_Problem to work on:_ Would you please repeat, word for word, only the lines from the one holding "Greetings card с" through the one holding "Simon square-frame 22ct" in the material below, without the pictures?
START The input
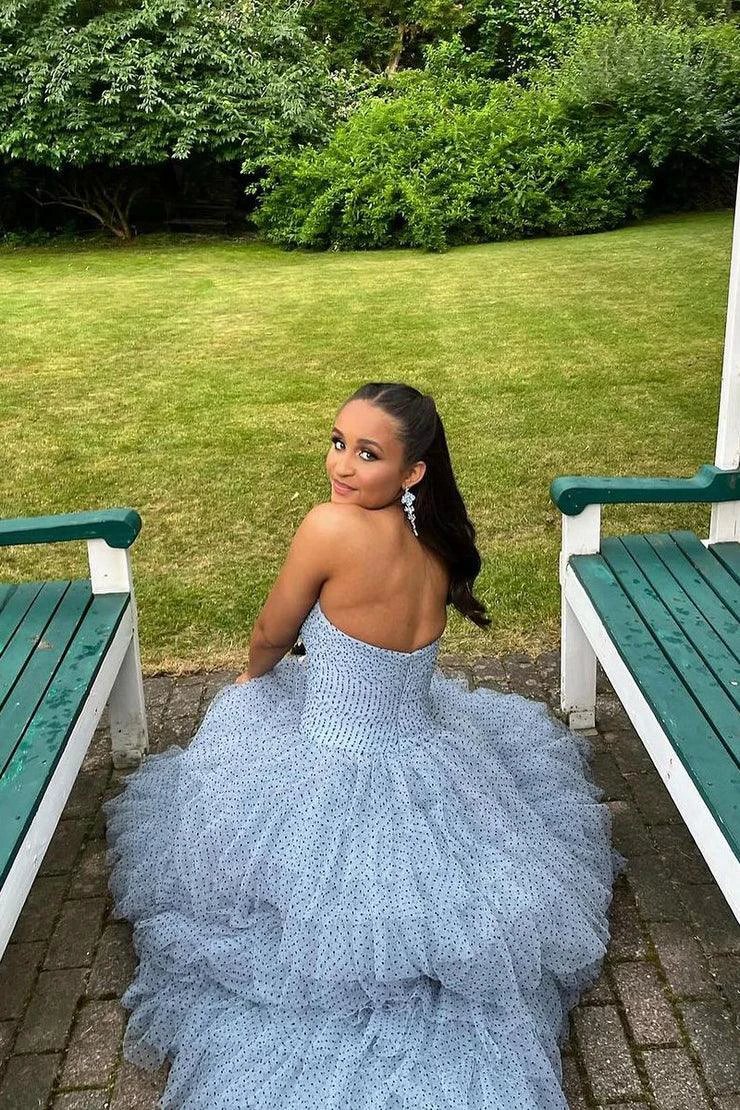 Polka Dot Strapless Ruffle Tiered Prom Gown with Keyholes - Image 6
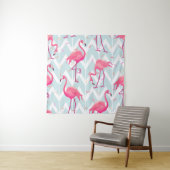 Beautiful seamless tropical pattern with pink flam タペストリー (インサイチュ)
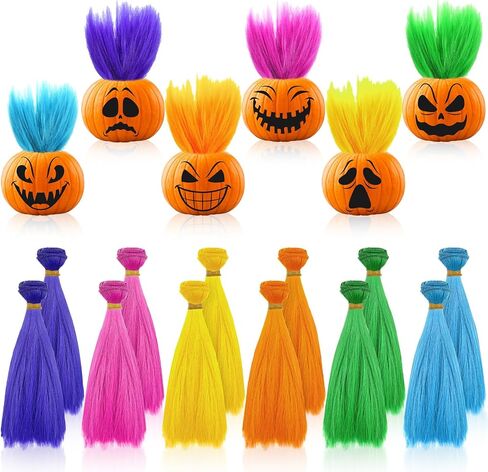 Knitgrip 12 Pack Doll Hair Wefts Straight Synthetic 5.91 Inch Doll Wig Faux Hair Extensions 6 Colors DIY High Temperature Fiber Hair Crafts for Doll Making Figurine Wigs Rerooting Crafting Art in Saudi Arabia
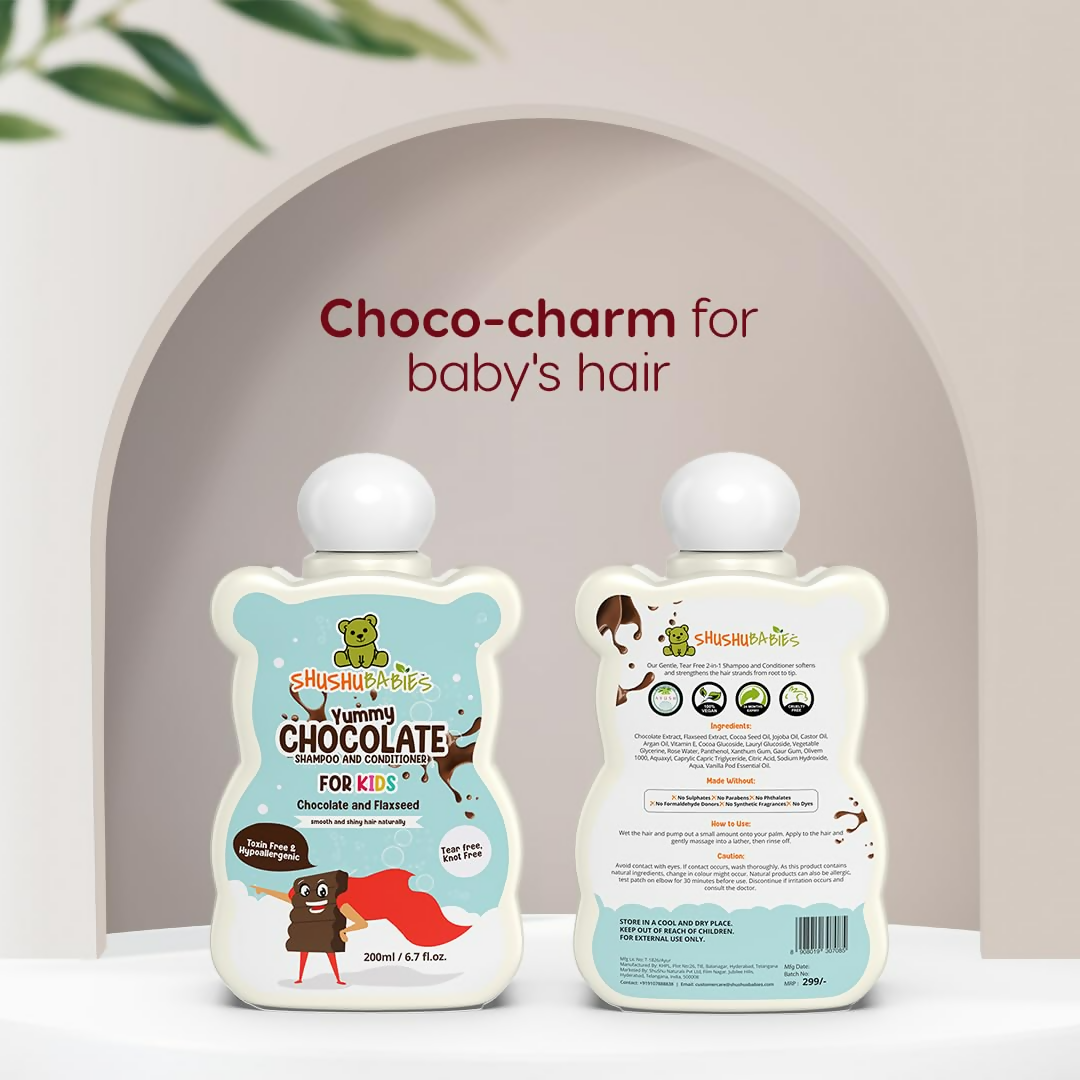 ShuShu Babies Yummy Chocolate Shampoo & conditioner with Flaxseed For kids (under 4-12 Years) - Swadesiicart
END The input
START The input
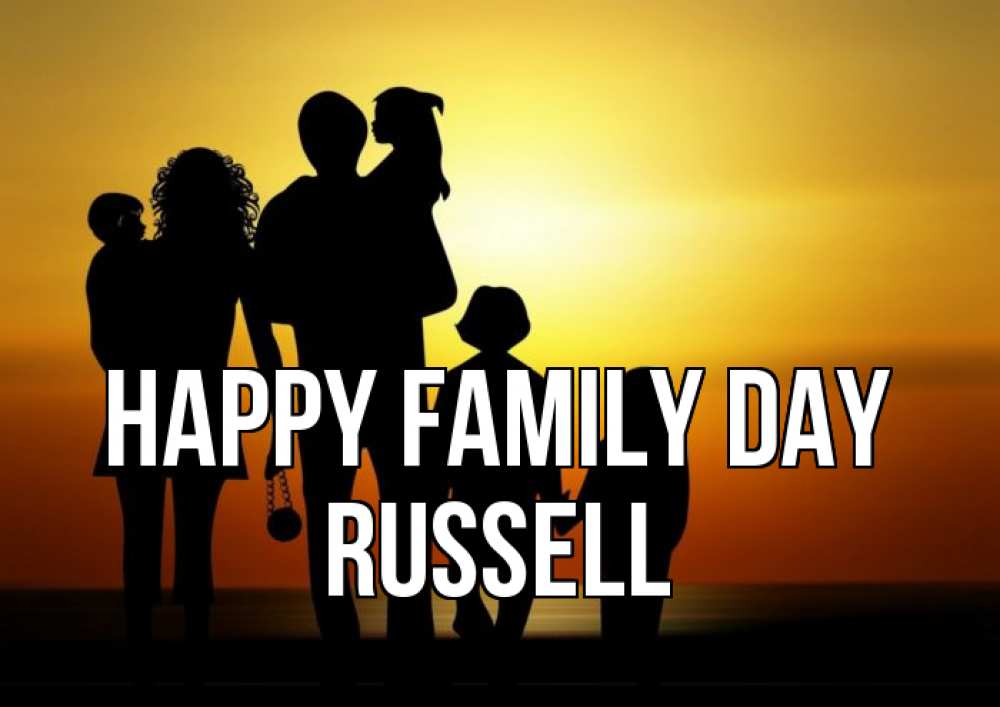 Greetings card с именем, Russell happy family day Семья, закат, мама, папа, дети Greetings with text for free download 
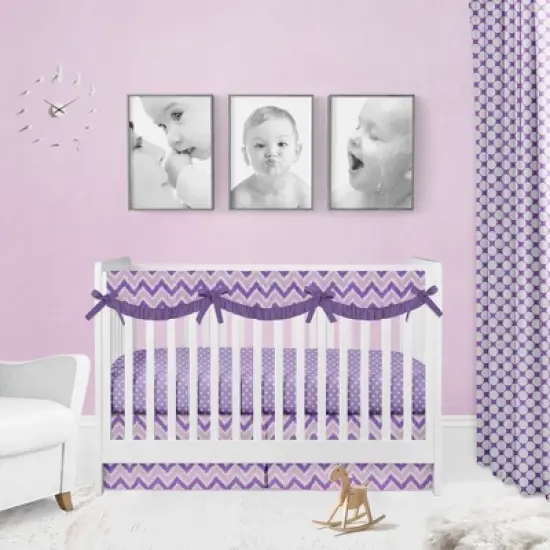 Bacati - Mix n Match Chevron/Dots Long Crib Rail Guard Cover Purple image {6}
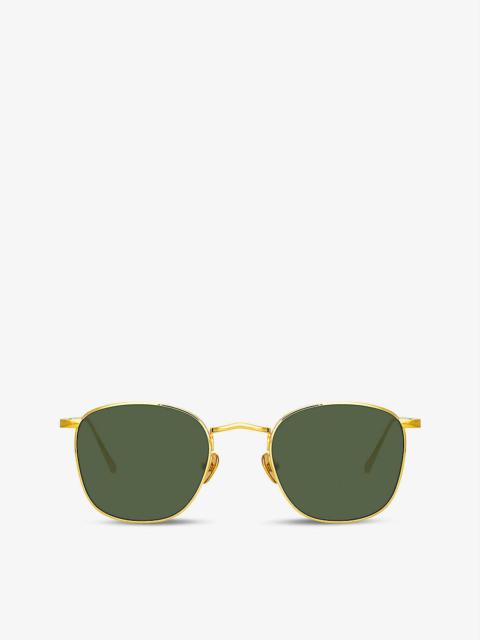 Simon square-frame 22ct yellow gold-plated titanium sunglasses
END The input
START The input
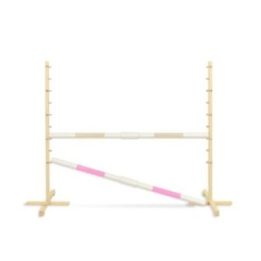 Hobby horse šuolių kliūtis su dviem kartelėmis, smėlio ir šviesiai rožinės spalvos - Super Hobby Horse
END The input
_Exercise result:_
 Greetings card с именем, Russell happy family day Семья, закат, мама, папа, дети Greetings with text for free download 
 Bacati - Mix n Match Chevron/Dots Long Crib Rail Guard Cover Purple image {6}
 Simon square-frame 22ct yellow gold-plated titanium sunglasses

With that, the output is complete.